_Exercise aim_
Quote the records below in full, exactly as given, with the images taken out.
=====
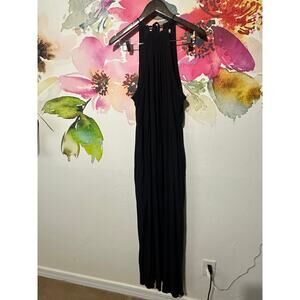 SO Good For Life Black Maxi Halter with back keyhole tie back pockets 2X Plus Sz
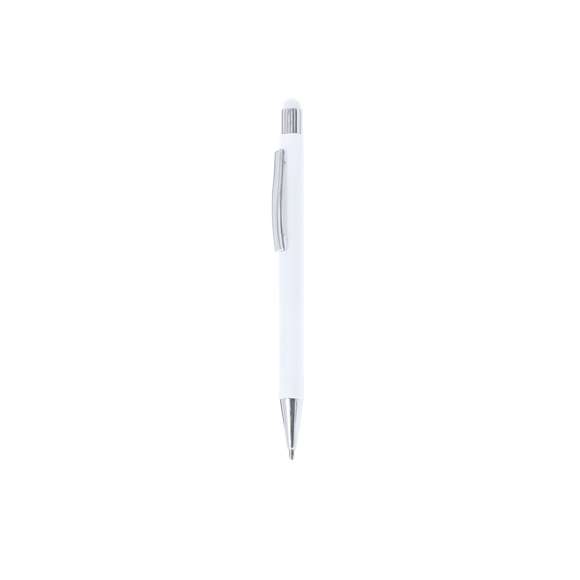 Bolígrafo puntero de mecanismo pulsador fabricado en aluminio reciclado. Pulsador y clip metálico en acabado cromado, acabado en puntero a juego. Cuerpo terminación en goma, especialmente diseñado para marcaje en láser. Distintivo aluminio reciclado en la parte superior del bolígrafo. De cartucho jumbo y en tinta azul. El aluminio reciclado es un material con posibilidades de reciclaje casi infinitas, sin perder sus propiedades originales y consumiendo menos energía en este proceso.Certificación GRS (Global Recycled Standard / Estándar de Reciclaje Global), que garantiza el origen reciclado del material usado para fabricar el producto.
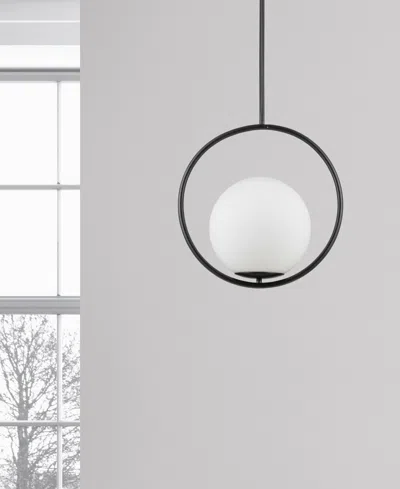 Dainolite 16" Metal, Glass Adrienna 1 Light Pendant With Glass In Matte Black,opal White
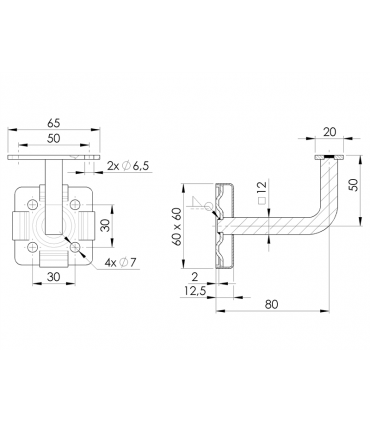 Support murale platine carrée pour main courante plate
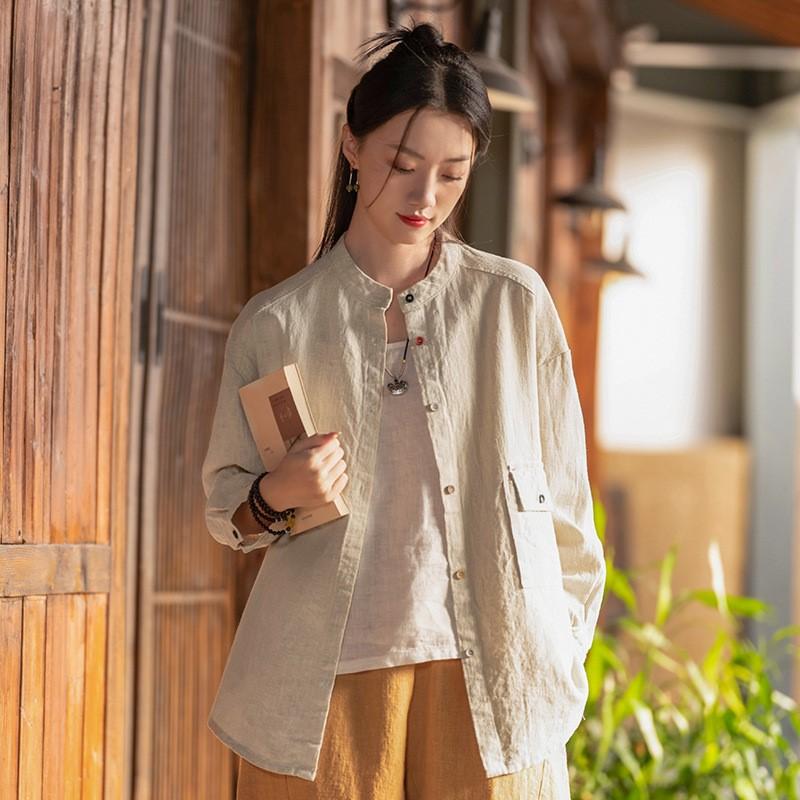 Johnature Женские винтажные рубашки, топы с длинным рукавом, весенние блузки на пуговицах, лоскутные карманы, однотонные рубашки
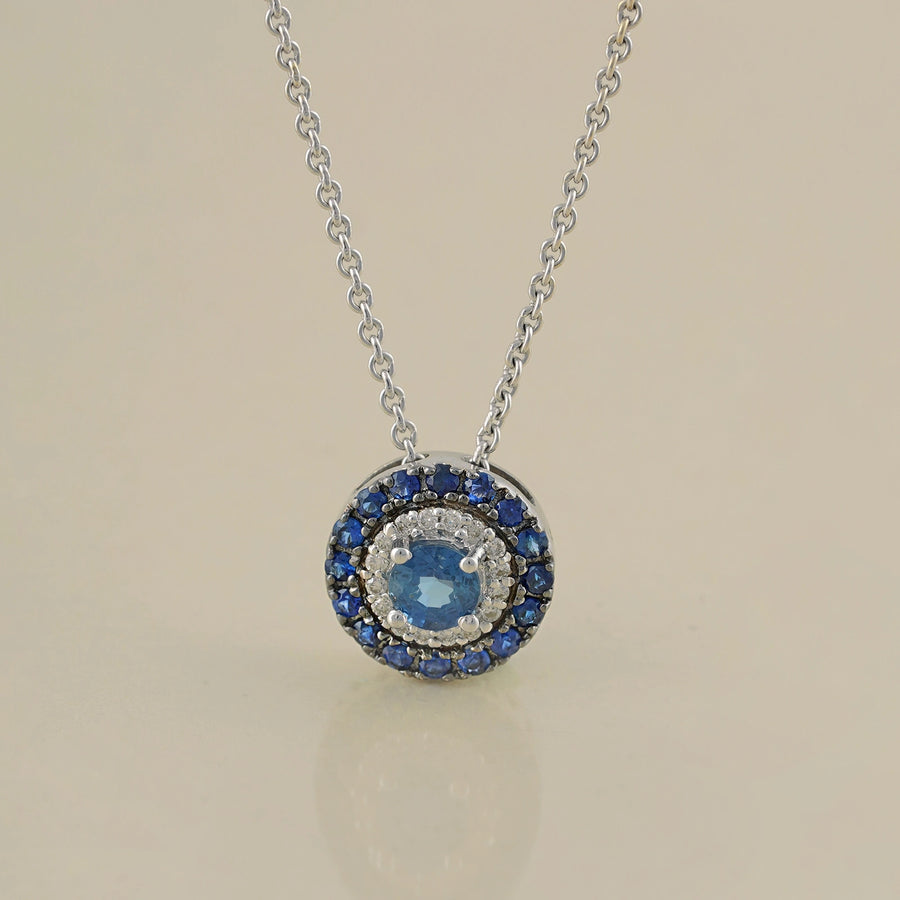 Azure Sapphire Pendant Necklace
=====
_Answer to this task_
 SO Good For Life Black Maxi Halter with back keyhole tie back pockets 2X Plus Sz
 Bolígrafo puntero de mecanismo pulsador fabricado en aluminio reciclado. Pulsador y clip metálico en acabado cromado, acabado en puntero a juego. Cuerpo terminación en goma, especialmente diseñado para marcaje en láser. Distintivo aluminio reciclado en la parte superior del bolígrafo. De cartucho jumbo y en tinta azul. El aluminio reciclado es un material con posibilidades de reciclaje casi infinitas, sin perder sus propiedades originales y consumiendo menos energía en este proceso.Certificación GRS (Global Recycled Standard / Estándar de Reciclaje Global), que garantiza el origen reciclado del material usado para fabricar el producto.
 Dainolite 16" Metal, Glass Adrienna 1 Light Pendant With Glass In Matte Black,opal White
 Support murale platine carrée pour main courante plate
 Johnature Женские винтажные рубашки, топы с длинным рукавом, весенние блузки на пуговицах, лоскутные карманы, однотонные рубашки
 Azure Sapphire Pendant Necklace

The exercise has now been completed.